Hi all,
We have recently conducted total RNA-seq (~200M reads) and mRNA-seq (~100M reads) in the same samples. Following the RNA-seq, we used Salmon selective alignment (SA) to align the reads to the Ensembl human transcriptome. This resulted in a comparable number of reads (~40M) available from both RNA-seq approaches for downstream DGE analyses.
It is reasonable to think that the exon parts of a pre-mRNA will be aligned to the reference transcriptome following total RNA-seq if the length of the exons is longer than the read length. However, the Salmon SA algorithms seem to have performed well, generating comparable transcript reads and strong correlations of the DGE genes identified from the total RNA-seq and the mRNA enriched sequencing.
I have been wondering what may be the reasonable explanations for these observations above. It is appreciated if you could shed some light into this.
Thanks Guan
Have you considered adding to the story with the following:
This should tell you a bit more about your library composition (adapters, sequencing quality), and specifically where they map proportionally to Exonic / Intronic / Intergenic / UTR regions. I'd expect that with your total RNA, you'd see more intronic reads from the pre-mRNA. It's interesting that only 40% of an mRNA library is mapping to transcripts though... but that could have tissue / kit specific explanations.
I'd be curious as to how Salmon's SA approach specifically deals with situations where there's intronic overhang in a read from pre-mRNA. I hope Rob could comment on that.
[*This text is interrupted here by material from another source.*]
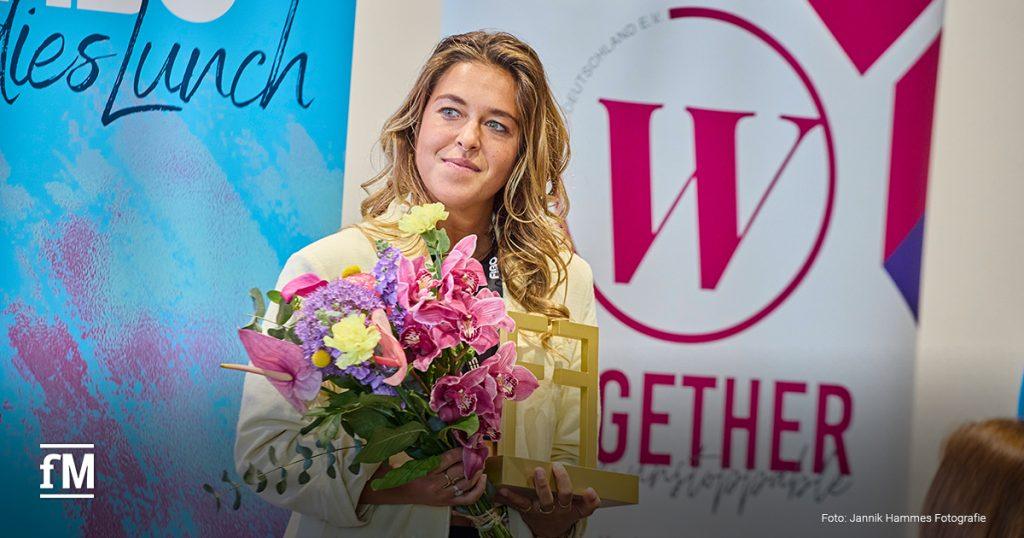 Frances Weber hält einen Blumenstrauß und den RX Female Award beim FIBO Ladies Lunch 2025 in den Händen und freut sich über ihre Auszeichnung in der Kategorie 'Youngster'.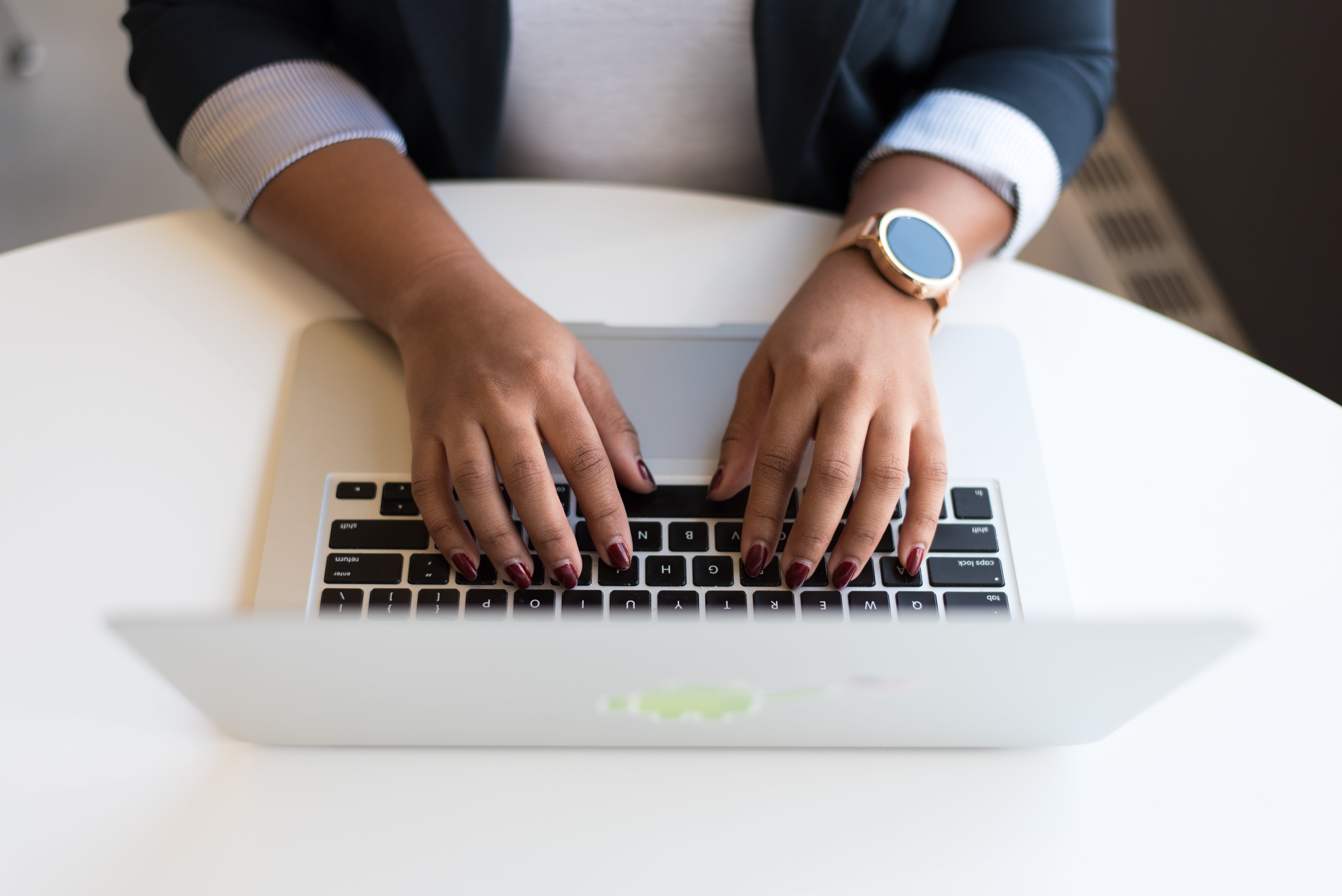 Person using macbook outlining key elements of an effective outreach plan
Downstream, Salmon has worked well in my experience when it gets to interpreting differential expression, even in noisy libraries.
Hi Andrew,
Yes, we have run FastQC, FastQ Screen, and RSeQC. Briefly, the reads quality score was >34 and no sample contamination following both RNA-seq. In the read distribution analysis, more reads were assigned to introns following total RNA-seq 37.4% vs. mRNA-seq 8.7%; %CDS_exons were 52.4% total RNA-seq and 74.8% mRNA-seq.
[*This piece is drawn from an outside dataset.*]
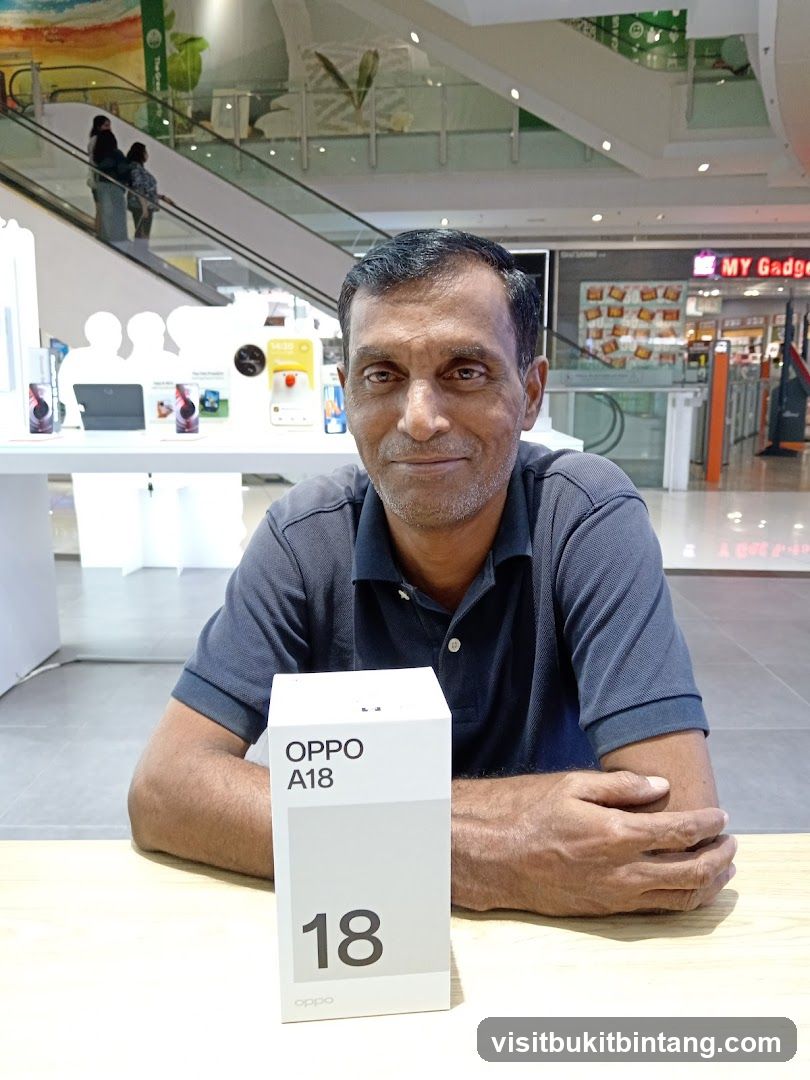 Man with OPPO A18 box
The HISAT2 mapping rates were 94.2% total RNA-seq (197.9M reads) and 95% mRNA-seq (110.4M reads). Salmon rates were 38.8% total RNA-seq (38.3M reads) and 81.9% mRNA-seq (45.1M reads). Please note, in total RNA-seq, rRNA and globin mRNA were depleted/reduced; while in mRNA-seq, no globin mRNA reduction conducted. I counted the globin encoding mRNAs (HBB, HBA1 and HBA2) following mRNA-seq, total reads of the 3 genes were ~7.8M; roughly coinciding with the difference between 45.1M and 38.3M.
Yes, it would be good to know how the Salmon SA handles possible pre-mRNA mapping to reference transcriptome.
Thanks Guan
As salmon maps against the provided txtome which is usually spliced you will need an extended transcriptome to keep intronic reads. Here is a tutorial on how to parse put it together. It is a single-cell velocity tutorial so only the actual index creation part is relevant: https://combine-lab.github.io/alevin-tutorial/2020/alevin-velocity/
Hisat alignes against the genome where introns are included, so these mapping rates are expected I'd say.
Thanks ATpoint. The aim here is not really to keep the intronic reads, but to understand how pre-mRNAs, where the length of exons is longer than the read length, are handled by Salmon SA algorithms during alignment; as these exon parts of pre-mRNAs may be mapped to the transcriptome along with the target mRNAs.
I'm assuming your Salmon mapping rates are for read pairs? If that's the case, then it sounds encouraging that your mRNA library is mostly coding transcript that Salmon maps, and less so for the ribo depleted total RNA.
Back to the root of your question... I think it's reasonable that pre-mRNA that isn't fully spliced should be quantified by Salmon where the read fully encompasses the exonic region. Where there's overhang between the exonic, and intronic region (which should be captured by the decoy), It's probably best for Rob to comment on the exact behaviour of Salmon, and if that uncertainty is captured in the EM algorithm.
Thanks Andrew, and yes, they were paired reads.